A compact quadruped robot (0.9m×0.6m×1.2m) designed for autonomous indoor/outdoor patrol, anomaly detection, and human interaction in city parks. As the core algorithm developer, I designed and implemented the perception backbone - covering mapping, localization, and multi-sensor fusion - and led the development of autonomous navigation and behavioral AI modules.
Sensing Navigation Perception Interaction
        Beyond hardware setup, my main work was ensuring that LiDAR, stereo camera, IMU, and GNSS data could be fused together as a perception system. These tasks included alignment, real-time ROS node setup, and validation of fusion outputs to support accurate localization.
        As the sole developer initiating the project, I faced steep learning curves in ROS architecture and Autoware's modular dependencies. Initial trials with Autoware Universe and Carla simulation suffered from environment and build issues. I pivoted to Autoware.ai-1.14 in Docker for stability. Despite no prior background in autonomous systems and ROS architecture, I led the transition from simulation to physical perception tests, solving hardware dropouts and timing errors under tight deadlines.
        The perception backbone unifies inputs from multi-camera, LiDAR, IMU, microphone array, and other accessories into a single processing pipeline. It outputs three major streams: 1. ROI detection and tracking - from fast YOLO modules. 2. High-level anomaly and context interpretation - from Large Models and ASR. 3. Spatial perception - from LiDAR-camera fusion.

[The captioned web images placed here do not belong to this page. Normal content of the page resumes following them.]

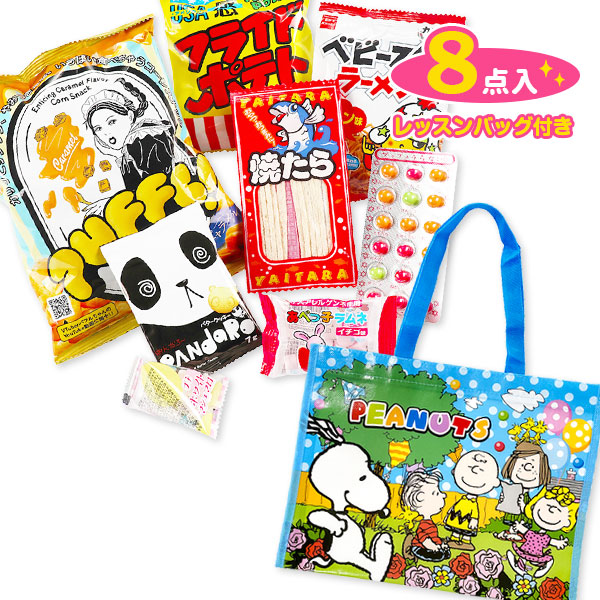 スヌーピー  レッスンバッグお菓子ギフト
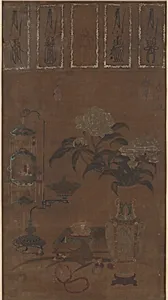 Still life: vase with peonies, and bric-a-brac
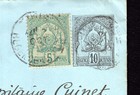 1898 Tunisia Africa Regence De Tunis Postal Cover To Ceyzeriat France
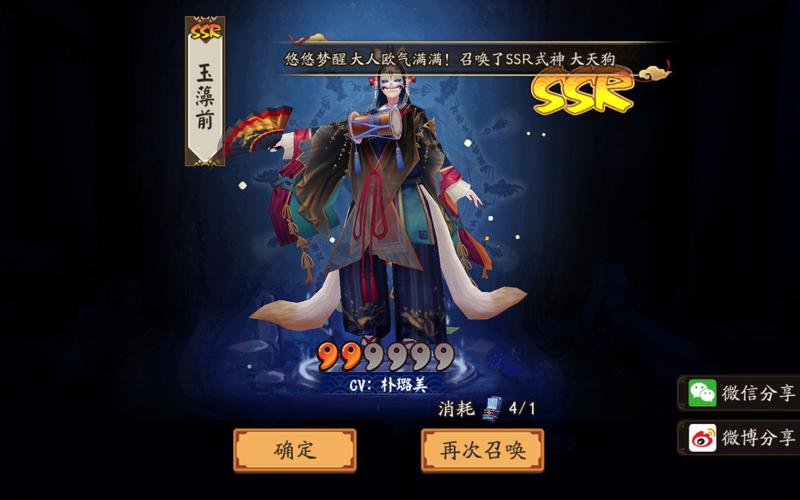 阴阳师符文搭配_阴阳师符文搭配攻略-第2张图片-平泛游戏 阴阳师符文搭配_阴阳师符文搭配攻略-第2张图片-平泛游戏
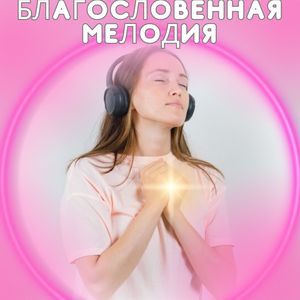 Благословенная мелодия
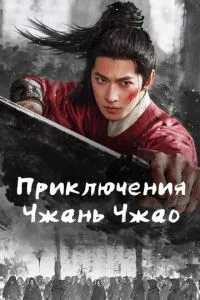 Приключения Чжань Чжао (2026)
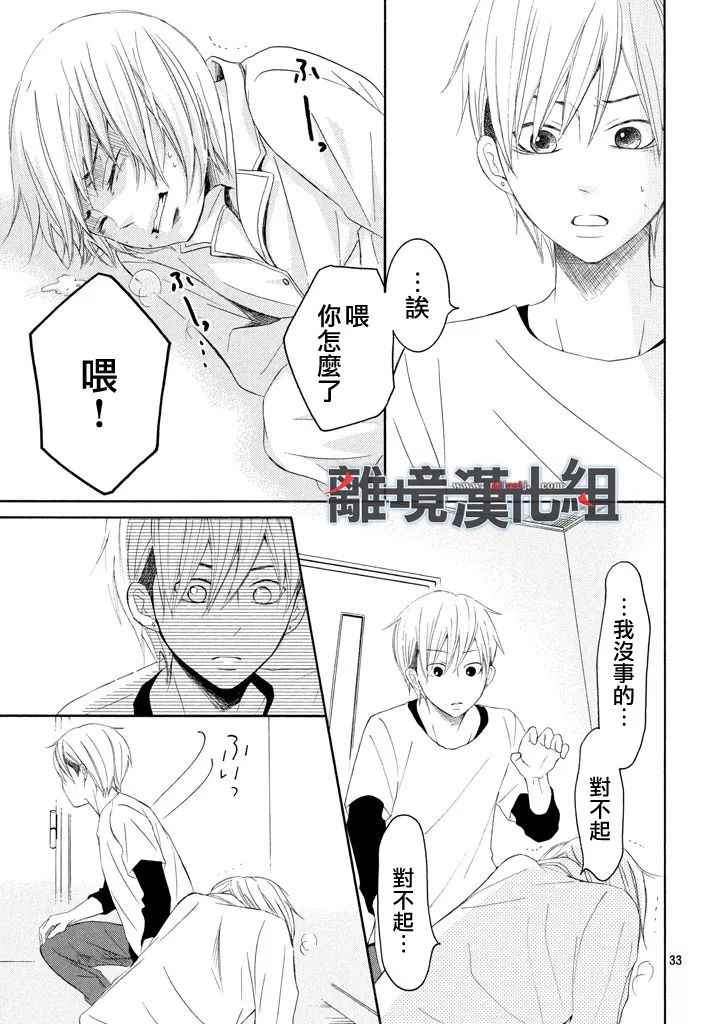 《P&JK》漫画最新章节第40话免费下拉式在线观看章节第【33】张图片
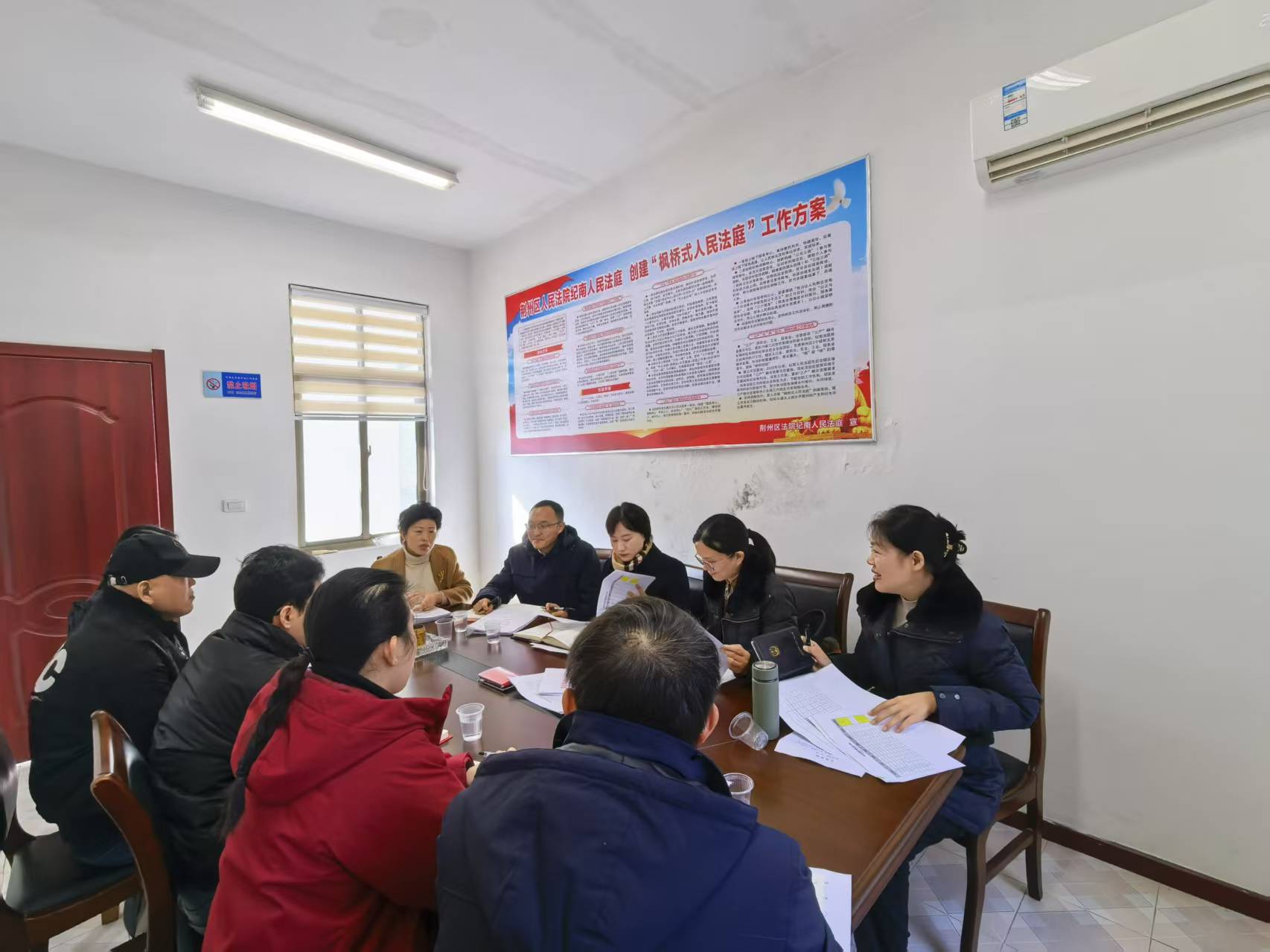 微信图片_20260108144438.jpg 微信图片_20260108144438.jpg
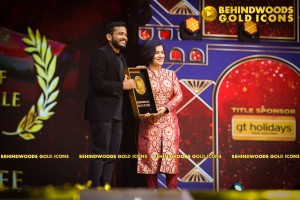 BEHINDWOODS GOLD ICONS 2023 - THE AWARD MOMENTS SET 2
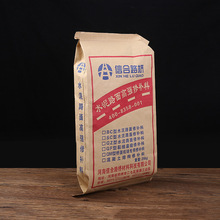 批发聚乳酸PAL复合牛皮纸袋 蛋白粉袋树脂料尼龙袋改性塑料纸塑袋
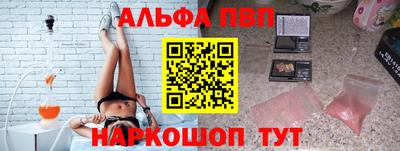 спиды Донецк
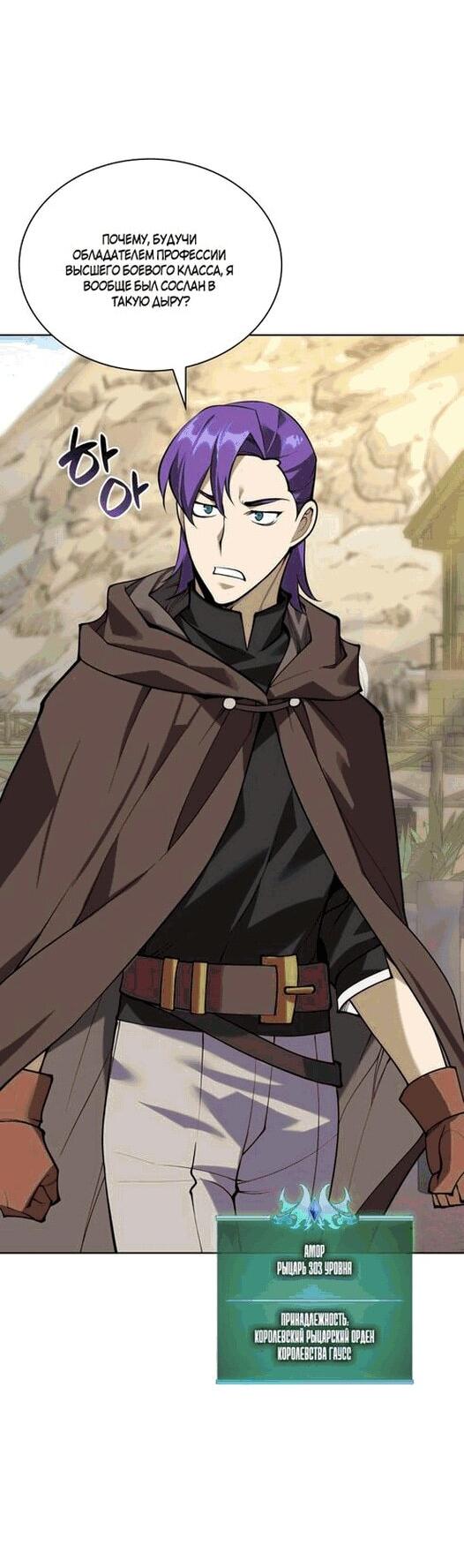 Манга Во всеоружии (перезапуск) - Глава 297 Страница 62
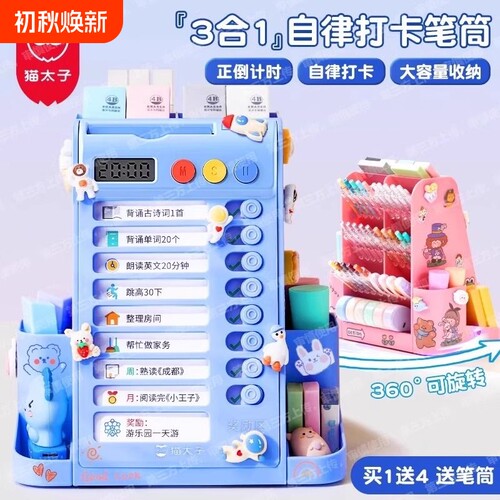 旋转打卡学习计划表|万人加购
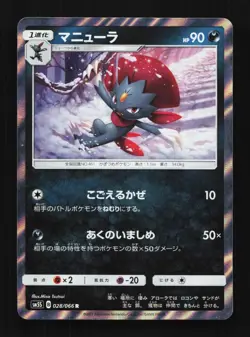 Weavile 028/066 LP Ultra Sun Japanese Pokemon Card TCG - Image 1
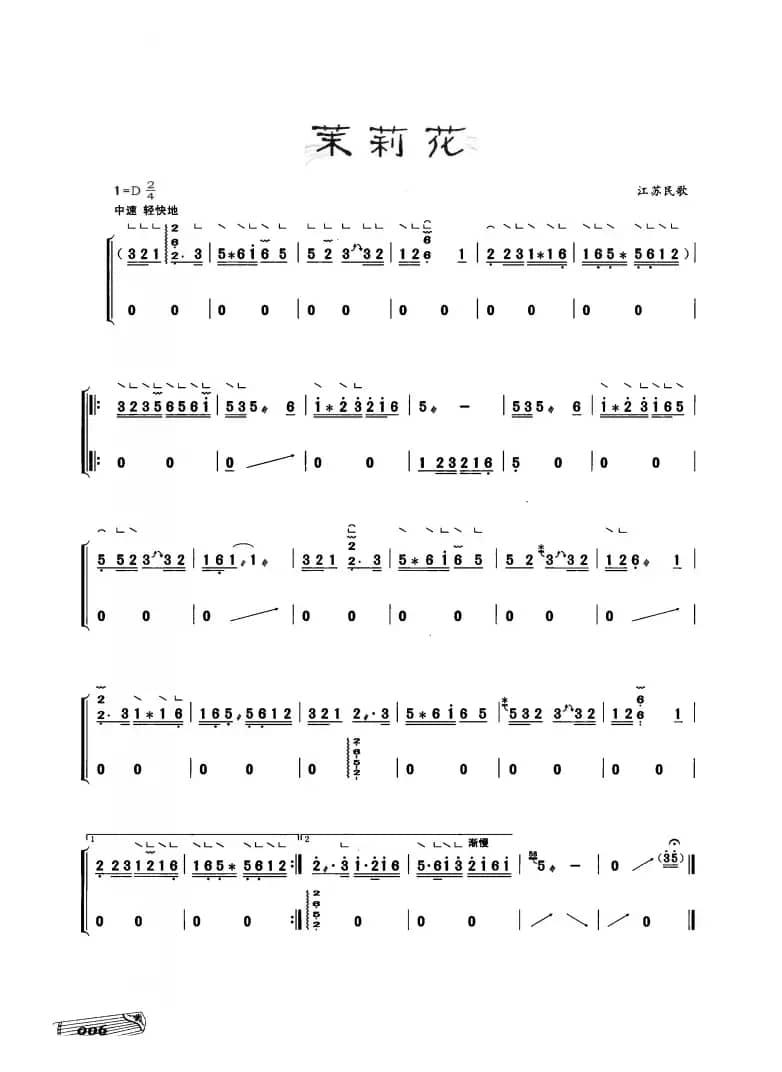 古筝独奏：茉莉花（江苏民歌）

Dual-Rate Detection: A two-layer detection strategy is implemented for balancing response speed and contextual precision. Locally on the vehicle, a self-trained YOLO model runs at high rate, detecting unwanted behaviors such as smoking or walking dogs in real time. In parellel, selected frames are sent at low rate to a multi-modal model deployed on company-server, which delivers higher-precision judgements on subtle cases like stepping on grass or fighting.
Voice Interaction: Live audio streams are continuously sent to a large language model, where detected words are classified by an agent into commands, casual dialogue, or emergency cases such as tourists asking for help. Each category triggers corresponding strategies, from executing control actions to issuing alerts. On the hardware layer, a dual-microphone array fileters input from the front direction, while speakers are positioned on the vehicle's side to prevent feedback from its own output.
LiDAR-Camera Fusion: LiDAR points are projected into the camera coordinate system, filtered by YOLO ROIs(Region of interest), and then clustered using a density-based method. The most representative cluster is selected as the final result, providing depth and localization for detected objects.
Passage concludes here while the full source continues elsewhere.